As described in claim 7 , in the connecting portion between the horizontal member and the vertical member, the side provided on the long screw member is opposite to the vertical member and corresponds to the anti-slip plate. And it can also be set as the structure where the said 1st shaft-shaped member is provided in the said horizontal member.

  If it does in this way, while the anti-skid plate is supported by the long screw member, the load from the brace can be received by the first shaft-like member via the brace end hardware and the anti-skin plate. .

As according to claim 8, wherein the portion where the first shaft-shaped member is provided, wherein the vertical member extending in a direction perpendicular to the horizontal member is provided on said vertical member, said first axis The second shaft-shaped member is embedded in the longitudinal direction of the vertical member, and the end portions of the first shaft-shaped member and the second shaft-shaped member are in contact with each other. Is also possible. Here, “the end portions of the first shaft-shaped member and the second shaft-shaped member are in contact” means that the end portions of the first shaft-shaped member and the second shaft-shaped member are loaded.

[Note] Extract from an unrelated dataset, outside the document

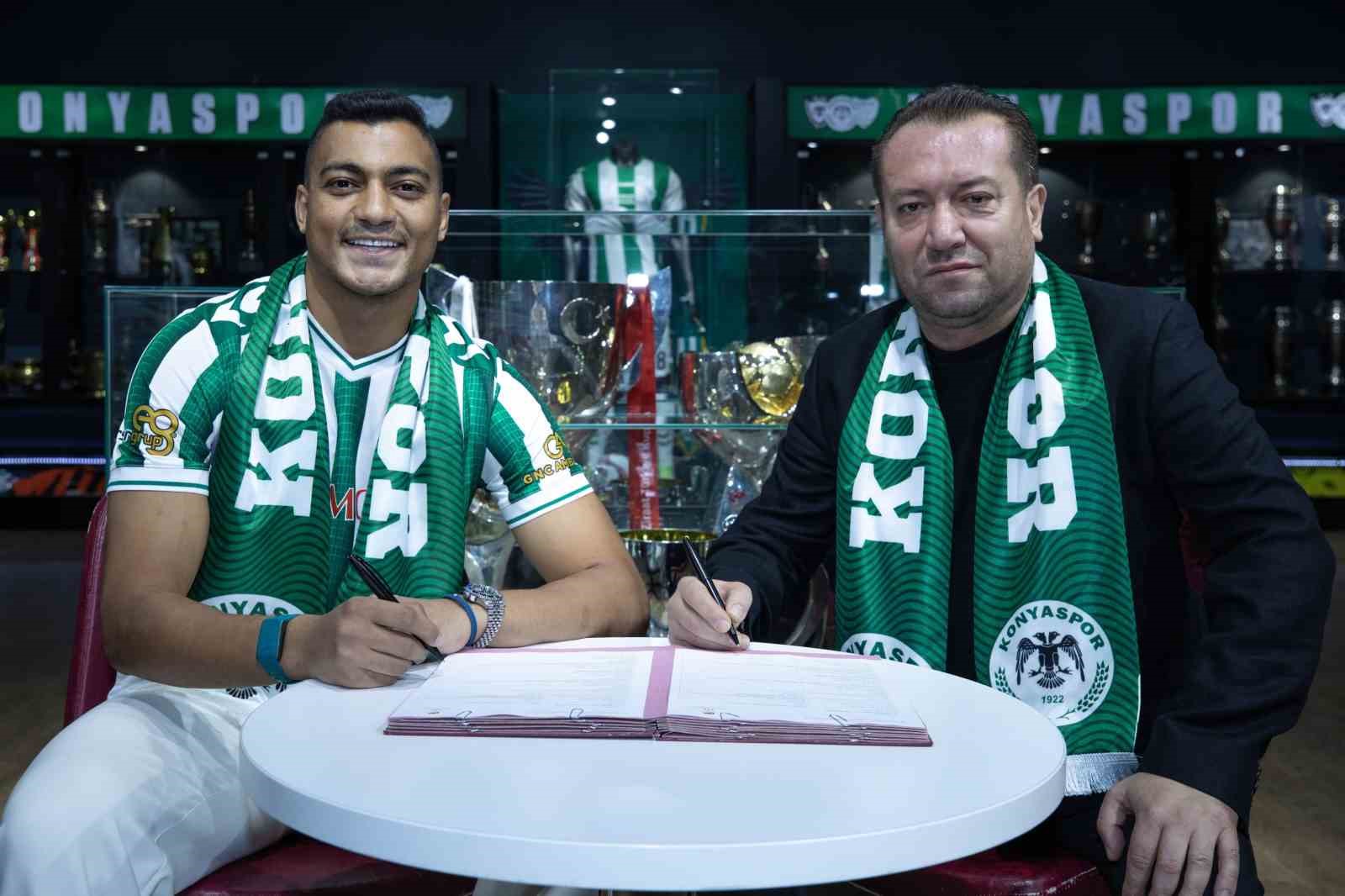 Mostafa Mohamed, Konyaspor&rsquo;da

It means that they are in contact so that they can be handed over.

  In this way, the load from the second shaft member can be directly received by the first shaft member.

As defined in claim 9 , a vertical member extending in a direction orthogonal to the horizontal member is provided at a portion where the first shaft-like member is provided, and the vertical member is provided with the first member. Corresponding to the shaft-shaped member, a second shaft-shaped member is embedded, and a squeezing prevention plate is positioned between the end portions of the first shaft-shaped member and the second shaft-shaped member. It is also possible.

  If it does in this way, the load which acts on a perpendicular | vertical material will be directly transmitted to a 1st shaft-shaped member via a dent prevention board from a 2nd shaft-shaped member.

According to a tenth aspect of the present invention, the first shaft-like member penetrates the horizontal member, and a portion protruding through the first member is embedded in a vertical member extending in a direction perpendicular to the horizontal member. It is also possible to have a structure in contact with the end portion of the first shaft-like member provided on another horizontal member that contacts the horizontal member.

  If it does in this way, transmission of a load will be performed between the 1st shaft-like members, without passing through a horizontal member.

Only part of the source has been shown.